The saw cuts very well indeed.

 

I'm using what's called a "slitting blade", which is a sawblade designed for thin stock where the blade is the same width as the teeth.  This does mean you can get a bit of "burn" from the edge of the blade contacting the cut material, but is also means the cut is very narrow, which produces the minimum amount of dust.  The blade is the 3" "80 tooth" 0.020" kerf one sold by Byrnes, which turns out to be a Thurston I-291 (which their catalog says is a 110 tooth blade designed for cutting "aluminum, brass and plastic").  I'm using this with a "zero clearance insert" (a light bit of metal you saw through by raising the running sawblade into it, so the slot in it is exactly the width of the blade).

 

I also discovered for myself the advice about never pulling stock backwards after it's cut is very good advice indeed.  This is particular important with a slitting blade as there's no clearance (I got a sheet of plastic shoved hard at me and it's a miracle it didn't end up damaged).  Now I turn the saw off after making each cut before removing the material.

 

The end result is that the saw cuts 2mm (0.080") sheet styrene very well (when fed smoothly; my first couple of cuts were a bit rough until I got the feel of it).  I haven't tried thinner material yet, but I'm not expecting any issues with that.

 

My first cuts were to make a section of the highway I'm building, which required a remarkably complex set of angles.  All in all, I spent several hours making the cuts, but most of that was figuring out how to use the fence and miter to hold the plastic where I wanted it while feeding it though the saw.

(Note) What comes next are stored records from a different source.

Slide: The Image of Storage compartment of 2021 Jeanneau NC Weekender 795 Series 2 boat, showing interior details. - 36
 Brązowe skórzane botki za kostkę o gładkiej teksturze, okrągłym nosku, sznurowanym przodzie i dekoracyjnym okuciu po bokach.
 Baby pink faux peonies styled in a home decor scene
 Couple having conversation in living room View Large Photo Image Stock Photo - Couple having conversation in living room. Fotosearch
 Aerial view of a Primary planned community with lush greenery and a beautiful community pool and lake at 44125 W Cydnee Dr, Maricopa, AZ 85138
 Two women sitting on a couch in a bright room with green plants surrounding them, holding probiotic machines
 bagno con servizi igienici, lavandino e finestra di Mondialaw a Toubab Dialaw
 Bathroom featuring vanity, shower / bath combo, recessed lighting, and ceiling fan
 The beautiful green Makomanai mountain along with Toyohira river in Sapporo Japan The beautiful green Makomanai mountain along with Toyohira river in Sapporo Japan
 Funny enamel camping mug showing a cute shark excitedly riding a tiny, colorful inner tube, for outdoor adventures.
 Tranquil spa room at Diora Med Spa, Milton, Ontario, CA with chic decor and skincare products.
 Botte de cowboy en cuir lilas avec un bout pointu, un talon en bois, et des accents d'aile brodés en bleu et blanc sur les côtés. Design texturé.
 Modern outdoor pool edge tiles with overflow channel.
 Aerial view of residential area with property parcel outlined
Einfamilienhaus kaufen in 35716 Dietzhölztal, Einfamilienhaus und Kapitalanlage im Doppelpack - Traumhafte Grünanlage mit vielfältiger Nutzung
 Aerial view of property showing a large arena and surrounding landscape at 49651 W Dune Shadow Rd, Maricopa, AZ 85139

In the end, I had one bobble where I cut a bit at the wrong angle, but I was able to fix that in a way that won't affect use of the finished piece.  I also had a couple of cuts where the blade overshot where I wanted it to stop; it's very hard to see a blade this small when it's cutting along a black line inked on the material. But since this piece will be underneath other parts, that kind of cosmetic issue doesn't matter.  For a first use, I count this as wildly successful.

 

Tomorrow I'm going to see about making some 10mm strips of 0.010" or 0.020" styrene for the sidewalls of my highway.  That should be a good test.

 

Here are a few more photos:

 

Photo 1: my saw blades, top left is the one I'm using, lower right is the standard one that comes with the saw. In the middle is the 1/2" arbor and the spacer ring that turns it into a 20mm arbor (the standard carbide blade is 20mm, the Thurston slitting blades are 1/2").

 

Photo 2: Two accessories, on the left the miter (with optional extension) and on the right the rip taper jig.

 

Photo 3 shows the slitting blade installed with the normal insert next to it, and photo 4 shows the zero clearance insert with the blade protruding through it.

 

Photo 5 shows the saw being set up to make one of my cuts (note the power cord in unplugged and placed where I can see it while I do that, so I don't forget and work near the blade with it plugged in; I'm very careful with power tools)

 

Photos 6 and 7 show the finished piece, with a close up.  Note that this is before I did any filing or sanding to smooth the rough edges.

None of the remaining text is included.